• [DESCRIPTION OF THE TASK] The whole listing is to be written out again exactly; the pictures are not.

• [ENTRIES SHOWN]
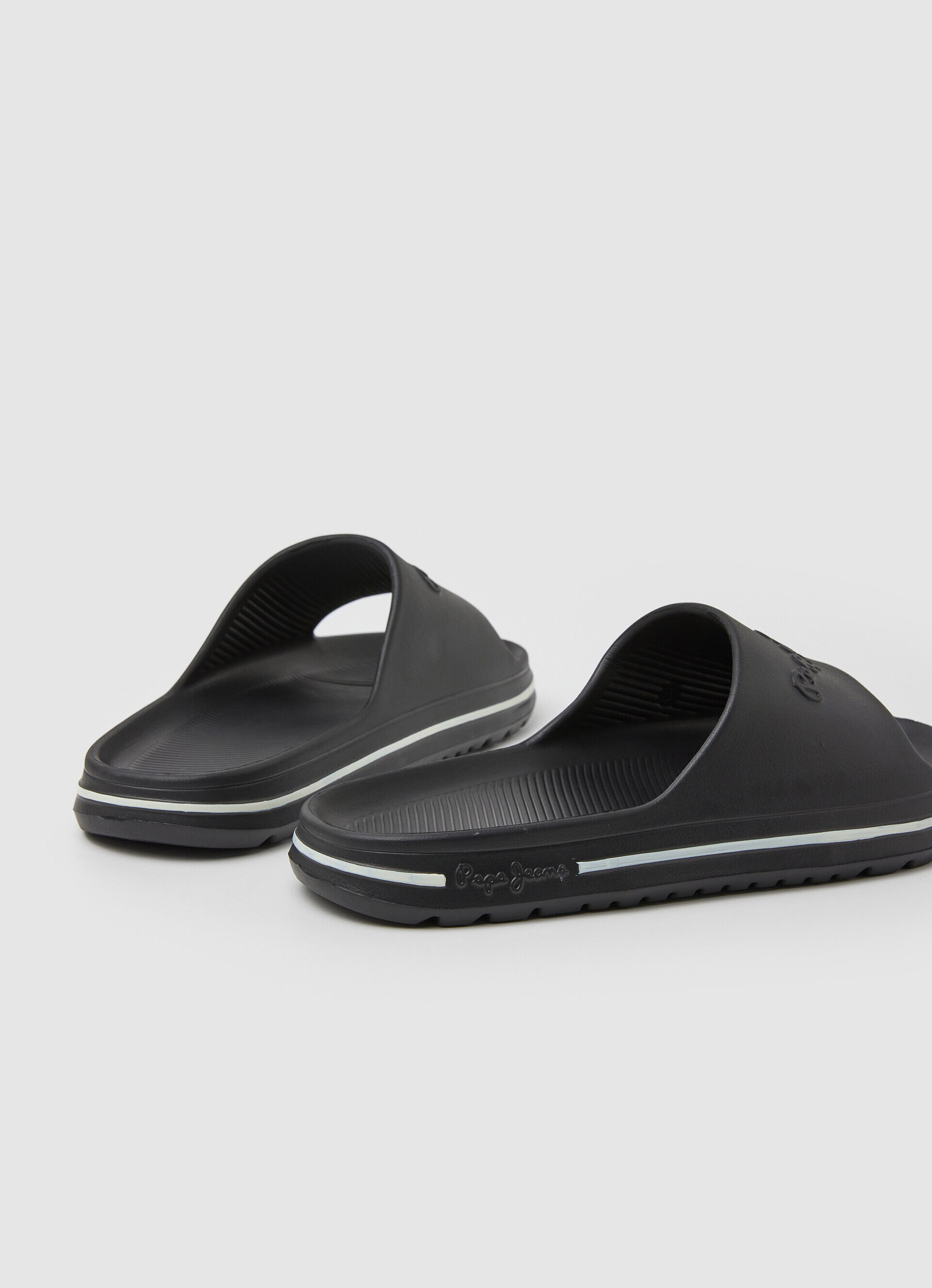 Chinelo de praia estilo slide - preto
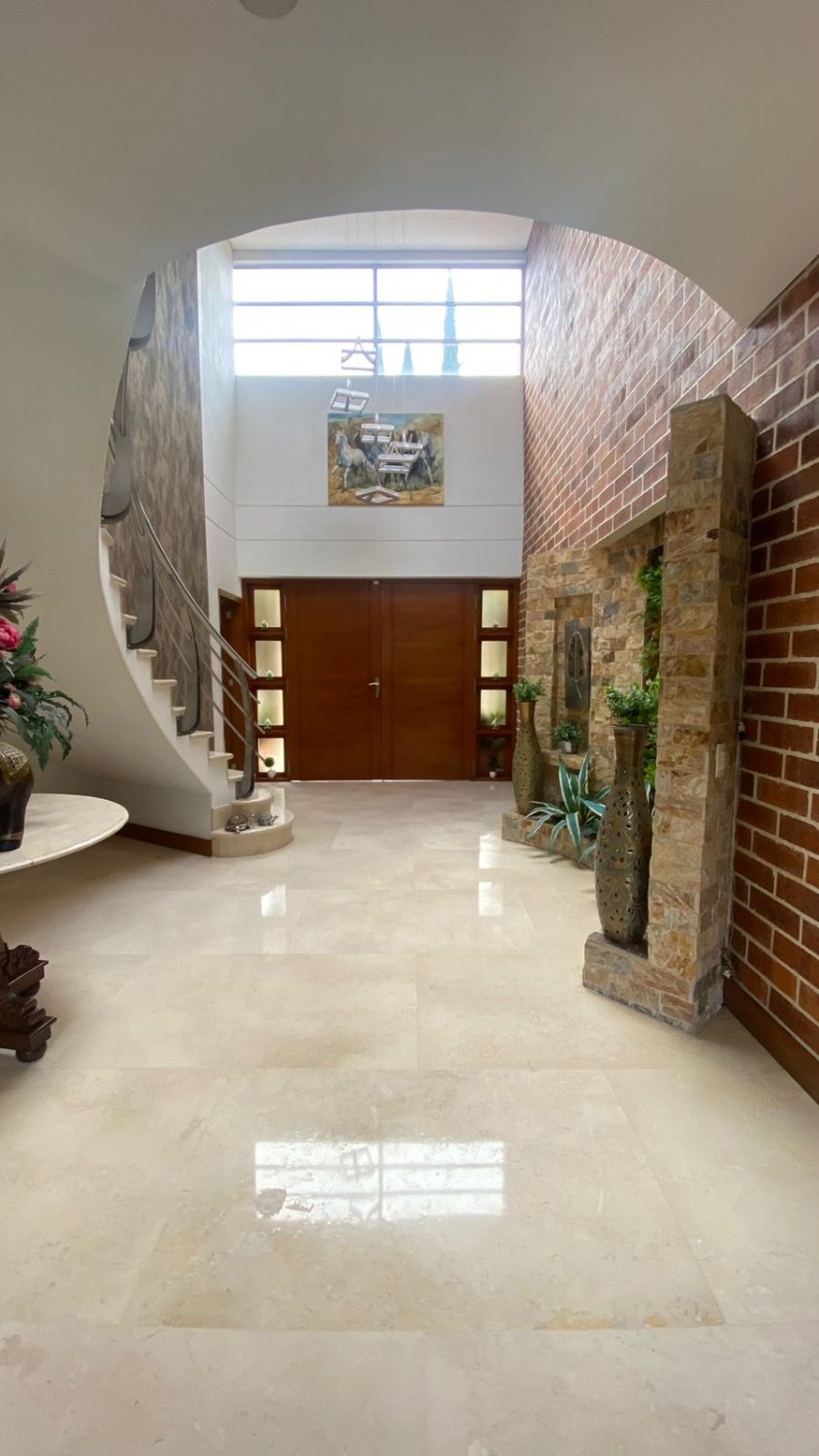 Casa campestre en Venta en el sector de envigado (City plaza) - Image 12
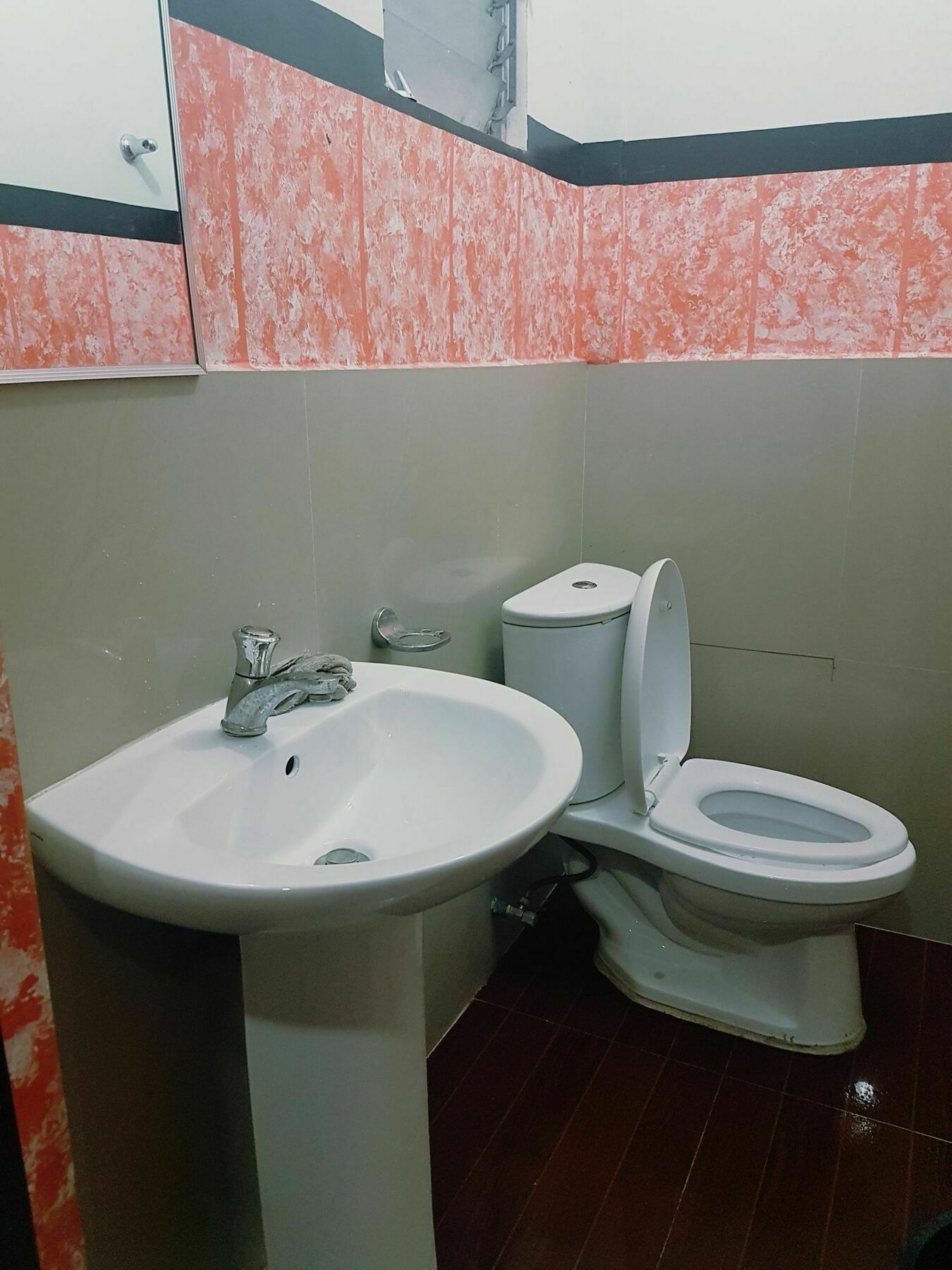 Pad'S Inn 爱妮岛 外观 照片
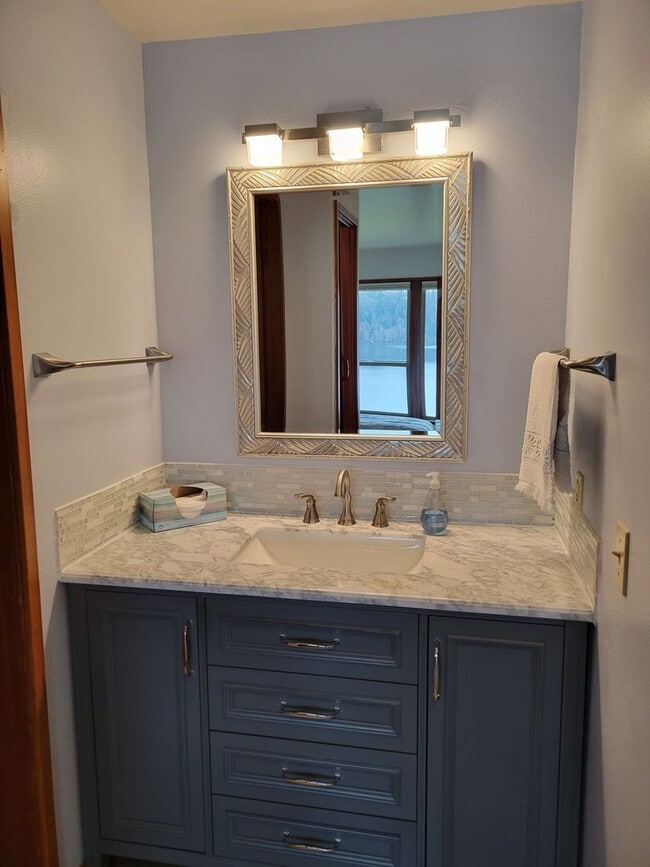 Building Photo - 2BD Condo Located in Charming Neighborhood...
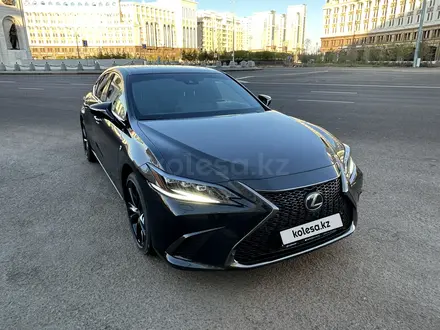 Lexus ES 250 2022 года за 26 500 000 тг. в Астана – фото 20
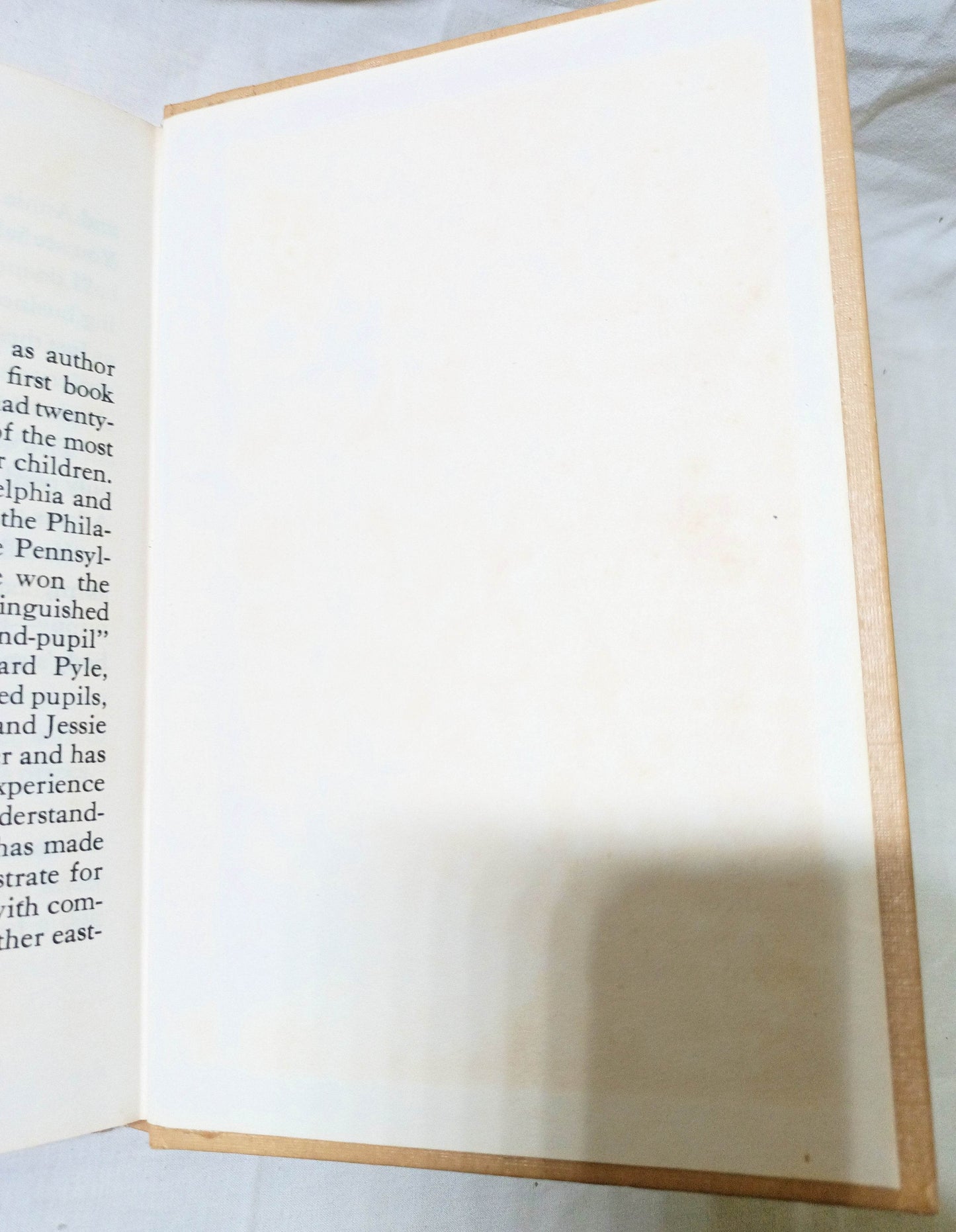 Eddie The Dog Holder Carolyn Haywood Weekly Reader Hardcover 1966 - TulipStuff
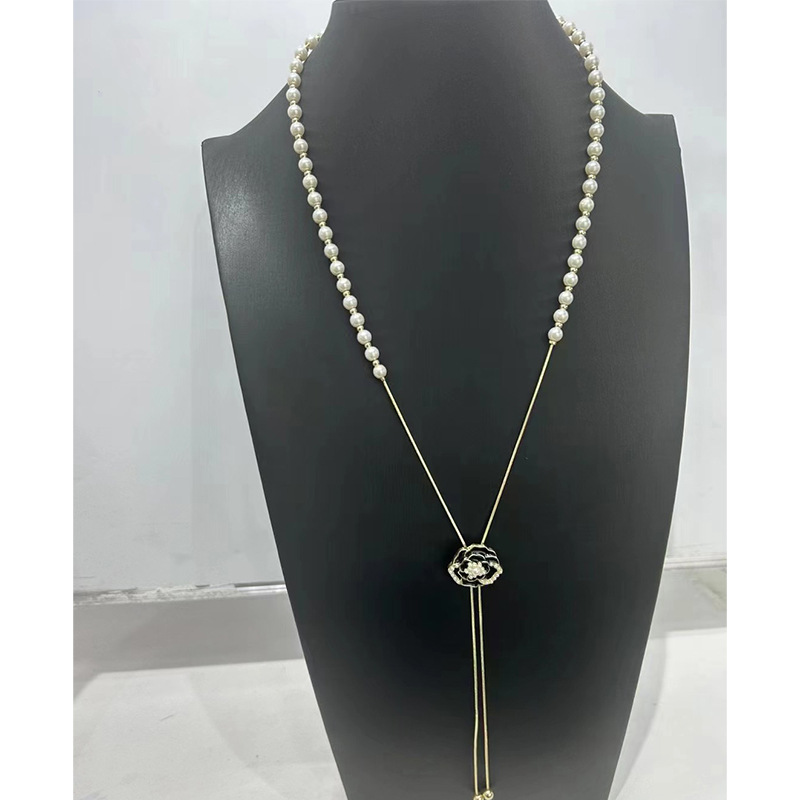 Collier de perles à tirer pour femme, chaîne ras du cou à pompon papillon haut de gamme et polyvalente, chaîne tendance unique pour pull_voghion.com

• [EXERCISE OUTPUT]
 Chinelo de praia estilo slide - preto
 Casa campestre en Venta en el sector de envigado (City plaza) - Image 12
 Pad'S Inn 爱妮岛 外观 照片
 Building Photo - 2BD Condo Located in Charming Neighborhood...
 Lexus ES 250 2022 года за 26 500 000 тг. в Астана – фото 20
 Eddie The Dog Holder Carolyn Haywood Weekly Reader Hardcover 1966 - TulipStuff
 Collier de perles à tirer pour femme, chaîne ras du cou à pompon papillon haut de gamme et polyvalente, chaîne tendance unique pour pull_voghion.com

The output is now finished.